EEL6825: HW#4

Due Wednesday, November 4, 1998 in class. Do not be late to class. Late homework will lose $e^{\char93 ~of~days~late} -1$ percentage points.
Click on (http://www.cnel.ufl.edu/analog/harris/latepoints.html). Also, I will not look at any part of your assignment on the computer. Please hand in a hardcopy of all plots and all of your Matlab code. You must write code of some sort-you cannot use a neural network simulator for this problem.

PART A: Textbook Problems

A1

6.1 in DH&S

A2

Compare and contrast nearest-neighbor classification with neural networks in terms of computation time required for (a) training and (b) classification.

A3

You are given two two-dimensional data distributions. All Class 1 points fall inside the square defined by 0<x₁<1 and 0<x₂<1. All Class 2 points fall outside this square. Assume the sigmoid activation function of the neural network to be:

$$f(a) = \left\{ \begin{array}{ll} 1 & \mbox{if $a>0$} \\ -1 & \mbox{else} \end{array} \right.$$

(a)

Draw the simplest neural network configuration that can correctly classify all of the data points. The final output of your neural network should be +1 for class 1 and -1 for class 2.

(b)

Do you need a hidden layer for this problem? Explain. If you require a hidden layer, provide all the weight values for the hidden layer. Explain your reasoning.

(c)

Compute all the remaining weight values (e.g. output layer). The final output of your neural network should be +1 for class 1 and -1 for class 2. Explain your reasoning.

A4

In problem A3, we used a neural-network with a step function instead of the usual sigmoid function. What is the major problem with using the step function in solving practical pattern recognition problems?

A5

Consider a simple example of a network involving a single weight for which the cost function is

E(w)=k₁(w-w_o)² + k₂

where w_o, k₁, and k₂ are constants. A backpropagation algorithm with momentum is used to minimize E(w). How does the momentum constant $\alpha$ change the convergence rate for this system? Explain.

PART B: Computer Experiment: Neural Networks

This part of the homework concerns two-class classification of a two-dimensional dataset. Load the data from the files http://www.cnel.ufl.edu/analog/courses/EEL6825/x1.asc and http://www.cnel.ufl.edu/analog/courses/EEL6825/x2.asc The x1 and x2 arrays contain the list of two-dimensional points in each class.

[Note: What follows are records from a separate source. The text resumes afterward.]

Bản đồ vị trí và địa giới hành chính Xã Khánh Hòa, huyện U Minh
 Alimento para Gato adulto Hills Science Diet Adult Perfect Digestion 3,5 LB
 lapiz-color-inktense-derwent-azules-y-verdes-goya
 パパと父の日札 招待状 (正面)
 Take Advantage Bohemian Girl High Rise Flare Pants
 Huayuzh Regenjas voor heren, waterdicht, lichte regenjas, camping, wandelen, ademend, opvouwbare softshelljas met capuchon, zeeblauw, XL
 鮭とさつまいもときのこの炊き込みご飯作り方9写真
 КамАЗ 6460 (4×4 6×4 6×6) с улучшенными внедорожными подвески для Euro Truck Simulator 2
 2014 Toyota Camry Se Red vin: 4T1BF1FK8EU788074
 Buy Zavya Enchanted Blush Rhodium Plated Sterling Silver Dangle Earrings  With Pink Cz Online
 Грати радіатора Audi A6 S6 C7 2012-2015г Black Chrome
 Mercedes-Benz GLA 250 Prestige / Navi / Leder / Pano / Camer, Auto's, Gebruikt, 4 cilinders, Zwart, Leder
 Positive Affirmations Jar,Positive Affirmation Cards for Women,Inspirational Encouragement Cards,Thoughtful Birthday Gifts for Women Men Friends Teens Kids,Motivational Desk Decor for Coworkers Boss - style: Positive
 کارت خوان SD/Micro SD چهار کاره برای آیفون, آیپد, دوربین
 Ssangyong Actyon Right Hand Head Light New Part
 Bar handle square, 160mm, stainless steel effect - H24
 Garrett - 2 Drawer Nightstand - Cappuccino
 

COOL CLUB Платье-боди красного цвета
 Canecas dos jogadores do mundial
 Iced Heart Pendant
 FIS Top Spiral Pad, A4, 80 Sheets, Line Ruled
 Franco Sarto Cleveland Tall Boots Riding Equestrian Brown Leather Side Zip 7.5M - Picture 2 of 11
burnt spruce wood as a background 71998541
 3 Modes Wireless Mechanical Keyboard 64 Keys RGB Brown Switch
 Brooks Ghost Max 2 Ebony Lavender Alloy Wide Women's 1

Note: Goose has provided a single file that consists a randomized list of points with an additional binary label specifying membership in class 2. Look at http://www.cnel.ufl.edu/analog/courses/EEL6825/x1x2.asc

B1

Write a program that performs gradient descent for a linear perceptron (MLP with no hidden units) and a single output node. Describe your strategy and hand in your code.

B2

Run the linear perceptron program for the provided data set. Plot the boundary your program obtains and give the resulting error.

B3

Develop a single output, single hidden-layer perceptron algorithm that can classify the data set. Explain your strategy in programming.

B4

Plot the decision boundary used by the neural network for a good choice of hidden nodes. What is the resulting error?

B5

How does the error for the MLP change with the number of hidden units? Do your results make sense?